§ PROBLEM DESCRIPTION
Write the entries below out again exactly; any picture in them stays out.

#####

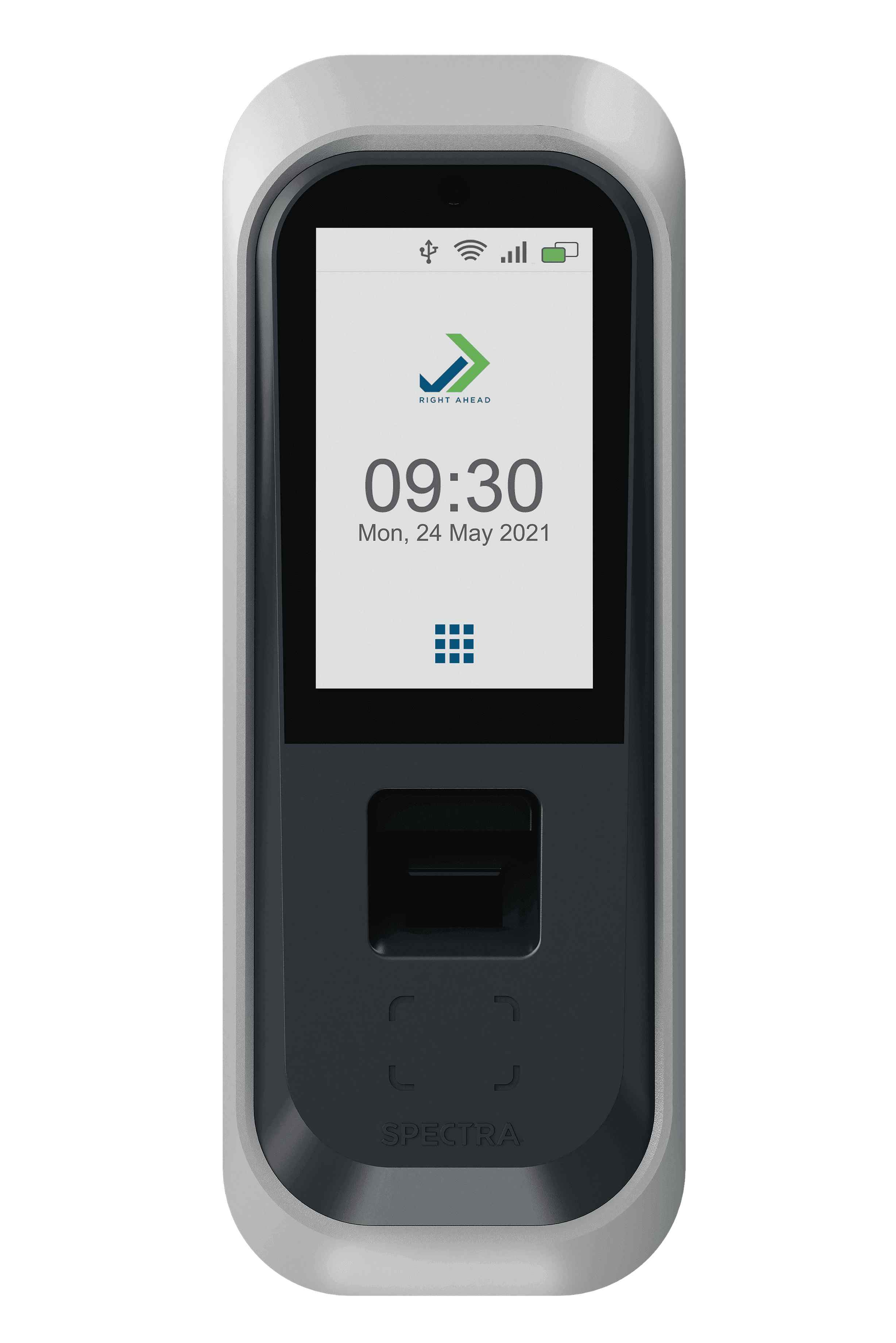 Identity & Access Control Management Testimonials | Spectra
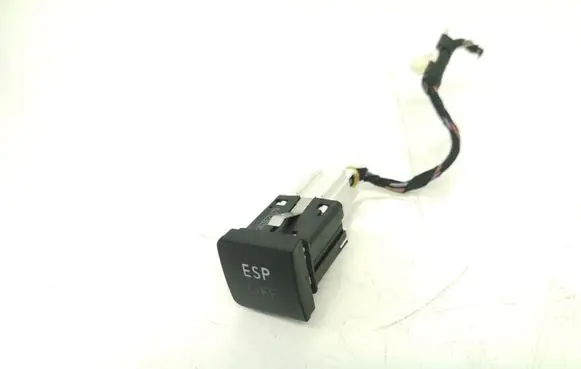 ESP (stability program) switch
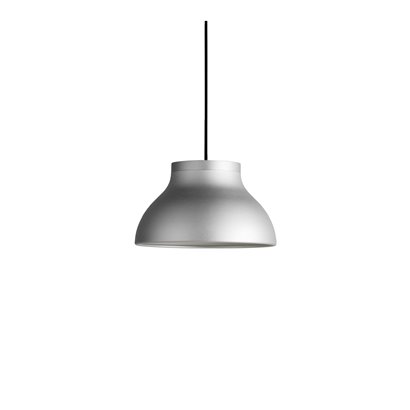 PC Pendant Aluminium
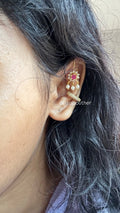Non Piercing Ethnic Helix Design 1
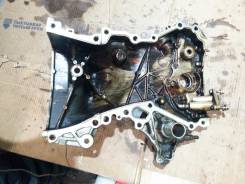Лобовина двигателя. Toyota: Vitz, iQ, Yaris, Passo, Aygo, Tank, Belta, Roomy Двигатели: 1KRFE, 1KRVET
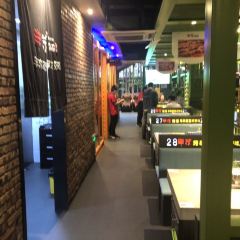 丰茂烤串(建设街店) User Photo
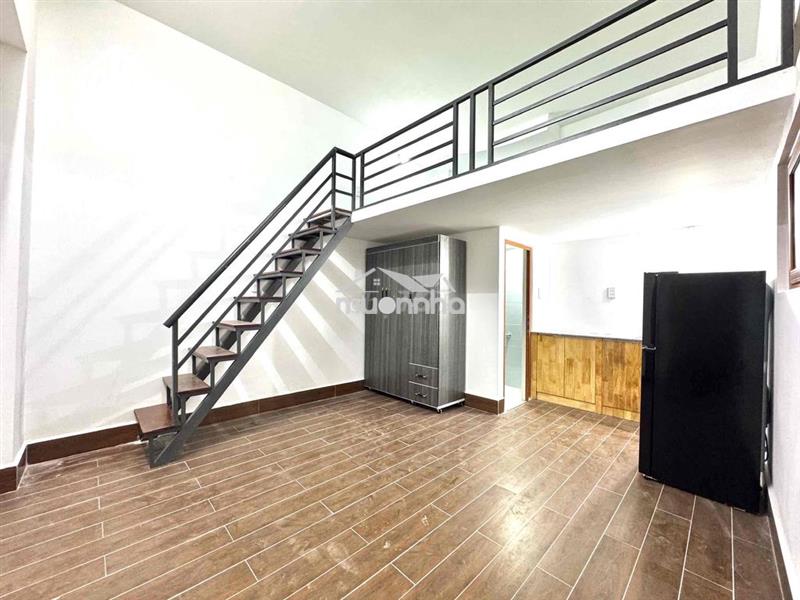 Chdv mới xây 100% - đầy đủ nội thất ngay kdc hiệp thành city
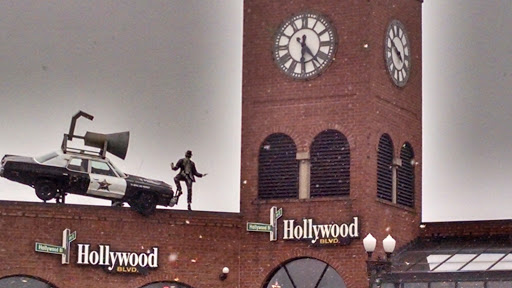 Movie Theater «Hollywood Blvd. Cinema», reviews and photos, 1001 75th St, Woodridge, IL 60517, USA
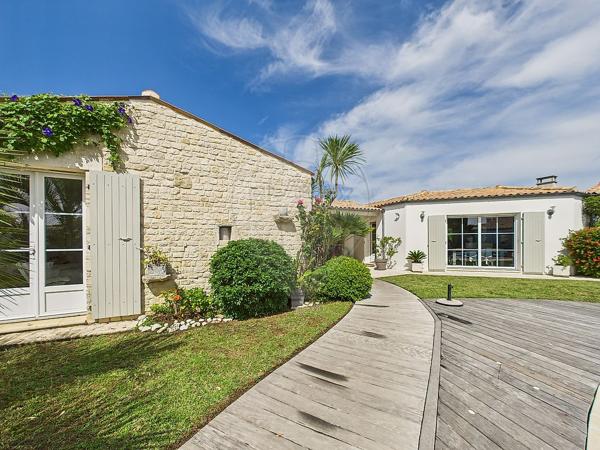 Maison  de luxe en vente -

#####

§ EXERCISE RESULT
 Identity & Access Control Management Testimonials | Spectra
 ESP (stability program) switch
 PC Pendant Aluminium
Non Piercing Ethnic Helix Design 1
Лобовина двигателя. Toyota: Vitz, iQ, Yaris, Passo, Aygo, Tank, Belta, Roomy Двигатели: 1KRFE, 1KRVET
 丰茂烤串(建设街店) User Photo
 Chdv mới xây 100% - đầy đủ nội thất ngay kdc hiệp thành city
 Movie Theater «Hollywood Blvd. Cinema», reviews and photos, 1001 75th St, Woodridge, IL 60517, USA
 Maison  de luxe en vente -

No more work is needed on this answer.